This proposal describes a five-year research training program that will allow the candidate to achieve his long-term goal of becoming an independent clinically-oriented academic researcher, focusing on respiratory viral infections (RVIs) in immunocompromised (IC) hosts. His objective is to improve hematopoietic cell transplantation (HCT) outcomes by improving the understanding of RVI disease burden and the association with antibiotic use. He will apply the knowledge gained through this proposal to develop therapeutic and preventive strategies that mitigate the disease burden and complications of RVI in IC hosts. This proposal builds upon his clinical training in infectious diseases as well as epidemiologic and biostatistical methods for clinical research in this field. He provides a detailed plan to enhance his knowledge of healthcare services, molecular virology and conducting prospective studies. This proposal incorporates the expertise of an outstanding group of mentors, including experts in transplant infectious diseases, epidemiology, statistics, antimicrobial stewardship, healthcare services, and laboratory medicine, who are dedicated to ensuring the success of this project and the development of his career as an independent clinical researcher.
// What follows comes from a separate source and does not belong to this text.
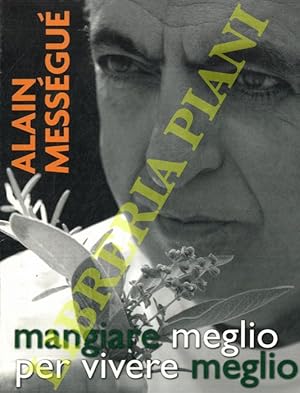 Seller image for Mangiare meglio per vivere meglio. for sale by Libreria Piani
The first aim of this proposal involves a large retrospective cohort of allogeneic HCT recipients to determine the burden of multiple (concurrent or sequential) RVIs on airflow obstruction, fungal and bacterial pulmonary infections, mortality and healthcare resource utilization after HCT. Using a multiplex quantitative PCR, he will test a hypothesis that multiple RVIs have a dose-dependent association with increased risk of these outcomes.
His second aim will examine whether specific or cumulative antibiotic exposure is associated with increased risk of respiratory viral disease progression. As is the case in first aim, a large cohort of patients will allow him to analyze these relationships while adjusting for multiple clinical covariates.
The third aim will characterize the incidence and disease spectrum of RVI as well as antibiotic use following new respiratory symptoms late after allogeneic HCT. Capturing data regarding RVI and antibiotic use will be optimized by utilizing home-based self-collected nasal swabs and prospective monitoring. By accomplishing the aims in this proposal, he will address critical gaps in our knowledge of the contribution of multiple RVIs to disease burden in HCT recipients and the utility of multiplex molecular testing. Given that new antiviral therapeutics and vaccines are on the horizon, understanding the relative significance of multiple RVIs will provide the rationale to develop ?multi?-target antiviral agents as well as therapeutic and preventive strategies. In addition, the clarification of the link between RVI and antibiotic use will inform optimized antibiotic strategies using viral diagnostics. Ultimately, this proposal will allow him to build a larger research program for better understanding of RVI disease burden in IC hosts and improve patient outcomes, which can then be applied to other vulnerable populations.
Multiple (concurrent or sequential) respiratory viral infections (RVIs) have been increasingly recognized in hematopoietic cell transplant recipients since molecular diagnostics became commonplace in clinical practice; however, the disease burden due to multiple RVIs has not been well studied. Furthermore, our preliminary data suggest that the antibiotic exposure is associated with the disease progression of RVI. This proposal seeks to define the disease burden of RVI on clinical outcomes and healthcare resource utilization, and to clarify the bidirectional relationship between RVI and antibiotic use post-transplant with the intent of providing the rationale for diagnostic, therapeutic and preventive strategies.